Остров никогда не был завоеван целиком, и, как ни удивительно, во II в. все британские города получили серьезные оборонительные стены. В Галлии ничего подобного не произошло. Крошечный народ непрерывно создавал проблемы римской сверхдержаве. Действительно, чтобы сохранить Британию, Риму пришлось оставить там три полноценных легиона — дело дорогое и хлопотное. Для сравнения: Испанию удерживал один легион, Северную Африку — два. Большинство жителей Галлии вряд ли хотя бы раз видели легионера, если только они не жили возле Рейна, где стояли четыре легиона, оборонявших границу с германцами. Но чтобы контролировать Британию, Риму требовалась армия численностью около 50 000 человек.
Это огромная армия. Ни один средневековый английский король не мог позволить себе войска и в 10 раз меньшего. Эта армия стала бездонной дырой для римской экономики. Население Британии составляло менее 5 % населения всей империи, и при этом десятая часть имперской военной мощи тратилась на то, чтобы удержать остров. Большая часть занималась не защитой северного вала, а подавлением волнений на оккупированной территории[88].
Страбон сомневался, что финансовые выгоды от оккупации Британии перевешивали затраты, и это при том, что он рассчитывал тратиться на один легион, а не на три. Помимо платы солдатам и расходов на экипировку, армия нуждалась в огромном количестве продуктов, особенно пшеницы, которую десятилетиями приходилось ввозить в страну, поскольку издавна главным британским зерновым продуктом был ячмень (из него готовили сусло для пива и кашу, но римляне считали ячмень кормом для скота). Армии, кроме того, было нужно очень много животных. Подсчитано, что ежегодно оккупационным силам только в Северной Британии было необходимо 10 000 лошадей и 4000 мулов, плюс фураж, а также 12 000 телят на кожу для палаток и 2000 животных для жертвоприношений[89].

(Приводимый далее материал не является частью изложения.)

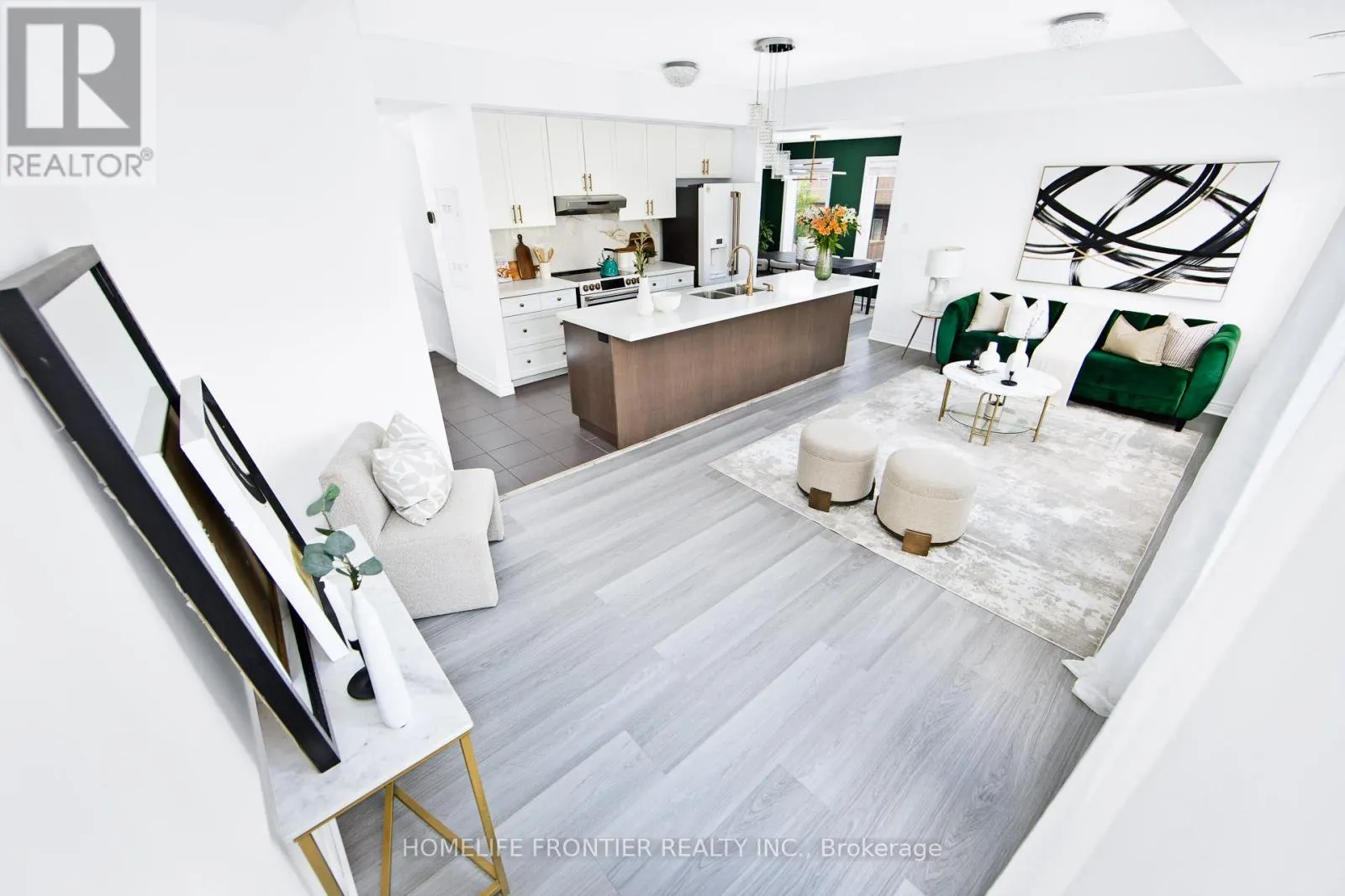 32 - 39 KAY CRESCENT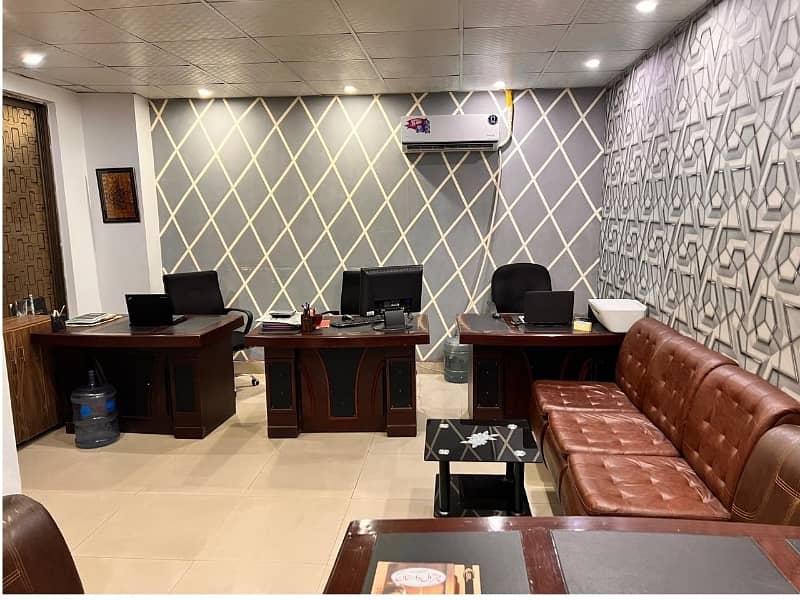 Area 330 Square Feet Office Available For Sale Real Pictures In Main Boulevard Road Gulberg 3 Lahore 3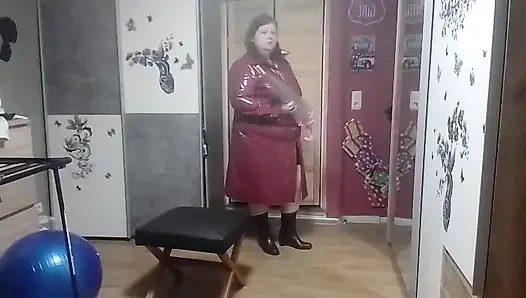 Here Is Your Mistress, Giving You Orders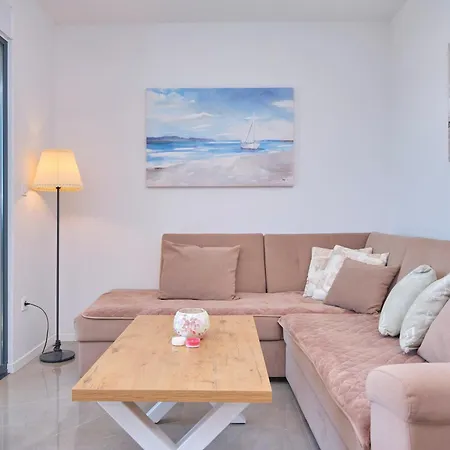 Apartman Ray By Litto *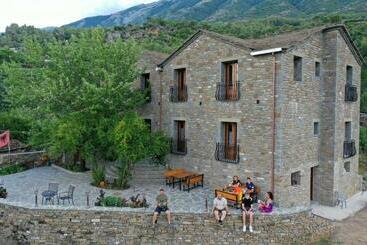 بنسيون Chri Chri Guesthouse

На все это Рим тратил уйму денег, а единственными, кто реально получал финансовые выгоды, были, похоже, сами варвары, вернее их вожди, которые занимались поставками для этой гигантской армии[90]. Рим тут был явно в убытке. Аппиан Александрийский писал примерно в 150 г.: «Римляне захватили большую и лучшую часть Британии, но оставшаяся часть их не заботила, потому что и оккупированные земли не были для них особо прибыльными»[91]. Так почему римлян интересовал этот беспокойный остров?
Одной из причин было серебро: римляне получали большое количество серебра из Британии. В течение шести лет после вторжения в 43 г. серебряные шахты на Мендипских холмах были выведены на максимальную производительность, и к 70 г. Британия стала крупнейшим поставщиком серебра в империю. Без британского серебра римской валютой стали бы ракушки. Свинец, из которого извлекали серебро, был тоже крайне важен. Свинцовые месторождения, которые были приписаны императору и отдельным легионам, были найдены опять-таки в районе Мендип. Римляне расходовали огромное количество свинца для гончарной глазури и производства стекла. Очень много свинца они ухитрились и проглотить. Хотя римляне и знали, что свинец опасен, они продолжали пользоваться свинцовыми сосудами для приготовления сиропа, которым подслащивали вино, и прочей посудой из свинца — для сладостей и соусов. Оказалось, что римляне извели так много свинца, что это стало причиной обширного загрязнения окружающей среды. Образцы из ледяной шапки Гренландии, из болот и озер Швеции, Швейцарии и Испании показывают огромный уровень загрязнения свинцом в римский период[92].